Pues que Cristo ha revelado la existencia de Dios, que sin Él, es Señor de la Vida, o Dios del Ser. Ni Job puede quejarse de esa manera; se quejó solamente de haber nacido impuramente, de haber de morir y mientras tanto de padecer injusticia. Y aunque en el fondo de todo ello latiera la queja de no ser y de no existir, no pudo hacerse explícita. Faltaba “lo positivo”, el contenido de la esperanza que es, cuando no actúa eficazmente, lo que desata la desesperación.
Pues que esta desesperación que Unamuno tan lúcidamente manifiesta es la desesperación de la suprema revelada esperanza.

El Cristo-luna hacedor de Dios

De la esperanza nace la desesperación en este momento trágico. Y de entre la desesperación se alza la esperanza, cobrando de ella su fuerza. La duda, pues, la intelectual o racional queda sobrepasada por esta dialéctica de la desesperación y de la esperanza que dibuja un extraño movimiento que ya no es pendular, sino más bien como de espiral: la eterna esprial en que se resuelven las contradicciones del espíritu.
Y la esperanza que se yergue, la esperanza actualizada, apetece y necesita luz y visión. Pues que la esperanza activa es la prosecución de nacer.
Y nacer es darse a la luz. Aparecer en la luz a ser visto y a ver o, a lo menos, mirar es ya haber nacido, pero como simple hecho. Mas cuando se anhela seguir naciendo hay que darse a la luz.

Y aunque Unamuno no tenga conciencia de ello, es inevitable el que le suceda. Es su conflicto con la luz que inevitablemente se le presenta en cierto momento de esa lu larga pasión. Asoma entreverado en muchos de sus poemas.
Es el poema a Cristo muerto, al que se hunde en la muerte, en la cruz.
El Cristo mediador que recoge en las tinieblas de su muerte la luz de Dios. En la muerte, en la tiniebla, que así no quedan condenadas ni abandonadas. Unamuno no puede despegarse de las tinieblas donde su ser se siente acunado.
No se lanza a existir de un salto -en esto también muy diverso de Kierkegaard y de cualquier otro filósofo, en quien el “salto existencial” se dé en una manera o en otra. Es decir, que reaparece comprobada su negación del método o modo de la filosofía, su camino de poeta.
No se despega de las tinieblas, de la noche; Cristo es Luna de Dios en la noche humana y por ello se humaniza. Y por ello es el Hombre el único. Por Cristo el hombre existe, puede existir -¿luna de esa Luna?-
Así los hombres quedarían a solas frente a la muerte, de donde Cristo irradia la luz del Dios vivo, que de no ser así, los hombres quedarían a solas frente a la muerte, inexistentes, dejados de Dios.

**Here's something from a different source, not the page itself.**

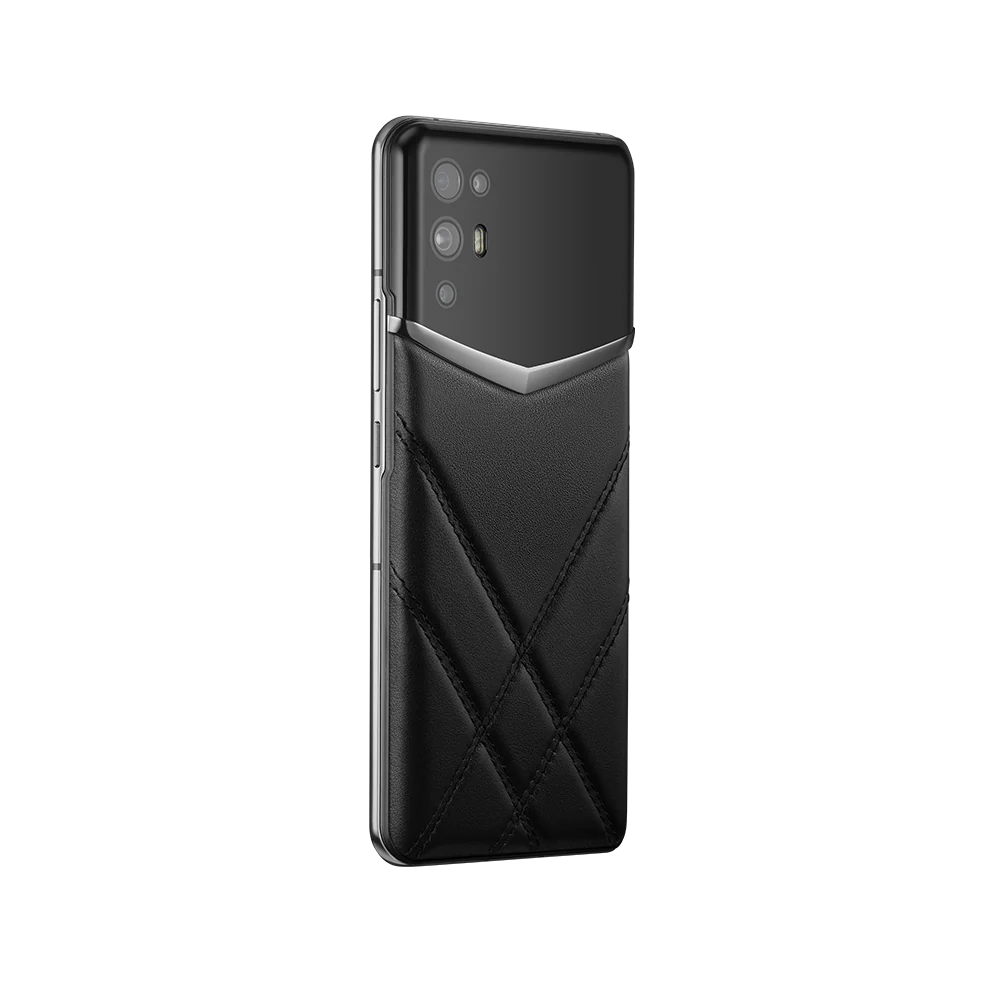 vertu ivertu 5g angled view: highlighting the iconic x-quitting black leather texture and refined metal frame.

Pues que los hombres no pueden dejar de vivir en las tinieblas, su medio. Y su vida no puede dejar de ser sueño. Sólo Él vigila.

Y es presencia y mirada; presencia de abismo de la divinidad que en él muestra su blancura.
Y como no hay presencia viva sin mirada, ni luz de verdad sin mirada, Cristo mira dentro de sí, en el Sol.
La religión poética de Unamuno llega en este punto a bordear lo insondable. Este Sol, el único, el Sol de la vida del alma -Sol de Dios- “alborea”, lo que ni siquiera se puede parafrasear diciendo: “es el alba eterna de las almas vivas”, porque no es lo mismo.

Y esta luz es inconfundible con la de la pura razón, con la del puro conocimiento. No desmiente el agua que en la oscuridad del alma bebía en las divinas tinieblas. Pues que es agua también, agua viviente: sangre, luz derretida:

“Te envuelve Dios, tinieblas de que brota
la luz que nos rechazas; escondida
sin tu pecho, su espejo. Tú le sacas
a la noche cerrada el entresijo
de la Divinidad, su blanca sangre,
luz derretida; porque Tú, el Hombre,
cuerpo tomaste donde la incorpórea
luz que es tinieblas para el ojo humano
corporal en amor se incorporase.
Tú hiciste a Dios, Señor, para nosotros.”

Y así Dios existe. Y el hombre Unamuno puede darse a la palabra, que es su modo de darse a la luz.